» **PROBLEM DETAILS**
Reproduce the entries beneath exactly, without their images.

» **GIVEN RECORDS**
################

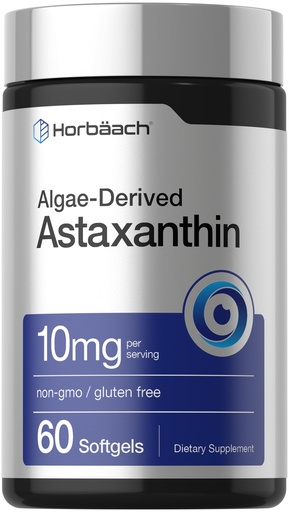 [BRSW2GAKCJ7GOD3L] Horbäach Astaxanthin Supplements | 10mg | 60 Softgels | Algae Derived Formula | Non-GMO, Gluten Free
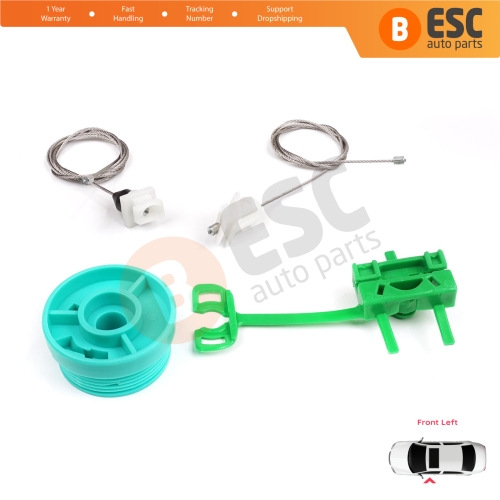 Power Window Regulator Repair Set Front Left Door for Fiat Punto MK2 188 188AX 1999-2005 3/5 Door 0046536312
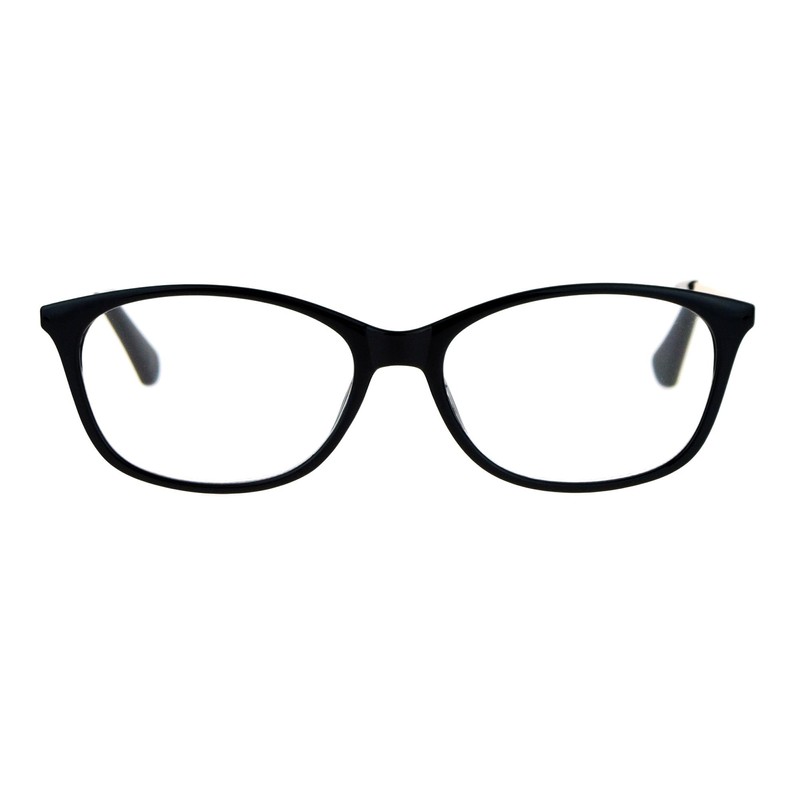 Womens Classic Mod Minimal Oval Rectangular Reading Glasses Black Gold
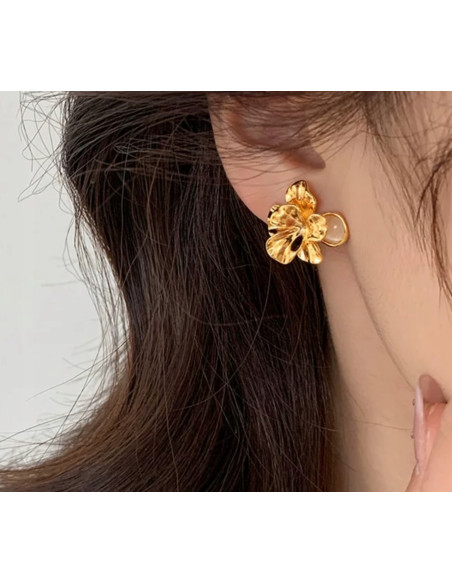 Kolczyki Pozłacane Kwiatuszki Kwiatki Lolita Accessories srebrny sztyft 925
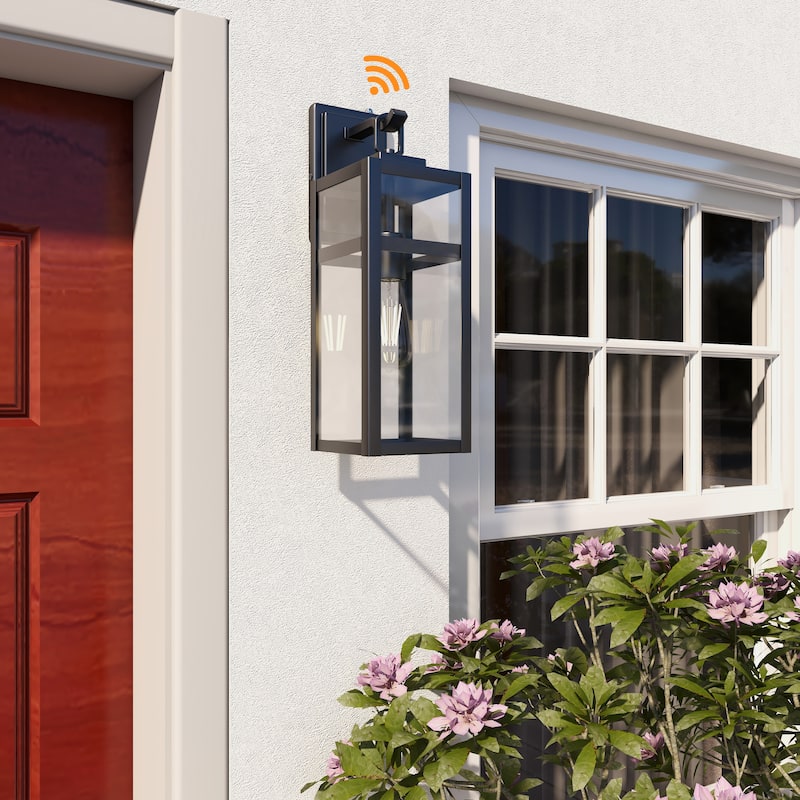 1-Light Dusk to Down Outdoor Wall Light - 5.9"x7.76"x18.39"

################

» **YOUR RESPONSE**
 [BRSW2GAKCJ7GOD3L] Horbäach Astaxanthin Supplements | 10mg | 60 Softgels | Algae Derived Formula | Non-GMO, Gluten Free
 Power Window Regulator Repair Set Front Left Door for Fiat Punto MK2 188 188AX 1999-2005 3/5 Door 0046536312
 Womens Classic Mod Minimal Oval Rectangular Reading Glasses Black Gold
 Kolczyki Pozłacane Kwiatuszki Kwiatki Lolita Accessories srebrny sztyft 925
 1-Light Dusk to Down Outdoor Wall Light - 5.9"x7.76"x18.39"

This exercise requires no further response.